[Supplied material — start]
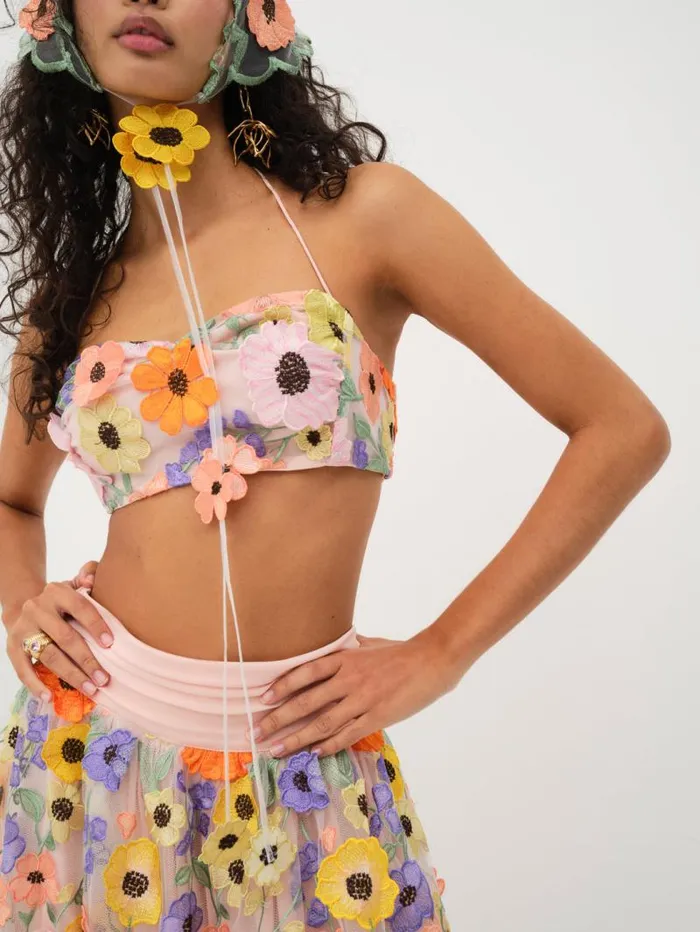 For Love and Lemons Tops Piccola Crop Top Multi 8211 Women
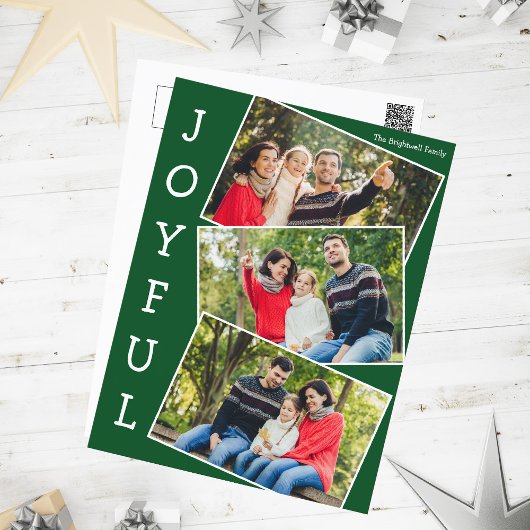 Joyful Green 3 Family Foto Collage Weihnachten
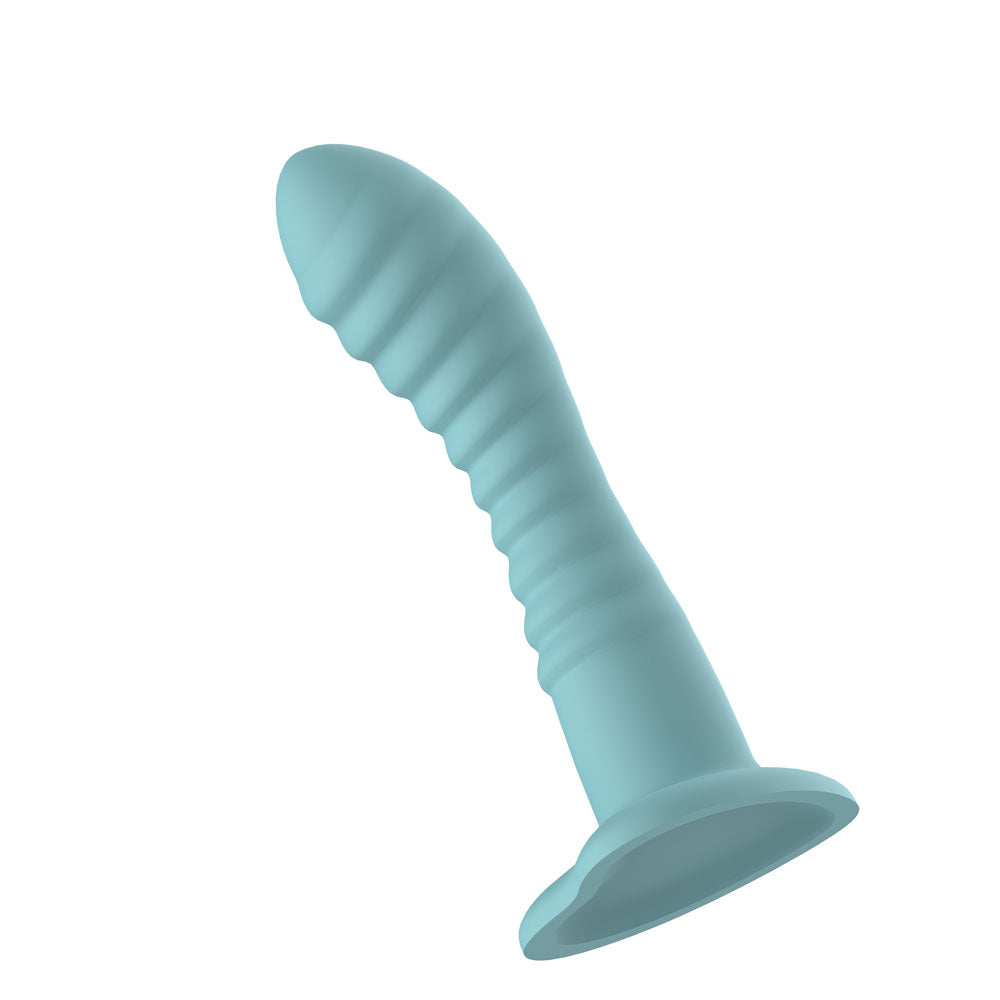 Passion Play Liquid Silicone Ridged Dildo Blue Blue 18 Cm Dildo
[Supplied material — finish]
### Activity
Transcribe exactly the lines above, running from the one that contains "Joyful Green 3" through the final line of the listing, and skip every picture.

### Answer to this task
 Joyful Green 3 Family Foto Collage Weihnachten
 Passion Play Liquid Silicone Ridged Dildo Blue Blue 18 Cm Dildo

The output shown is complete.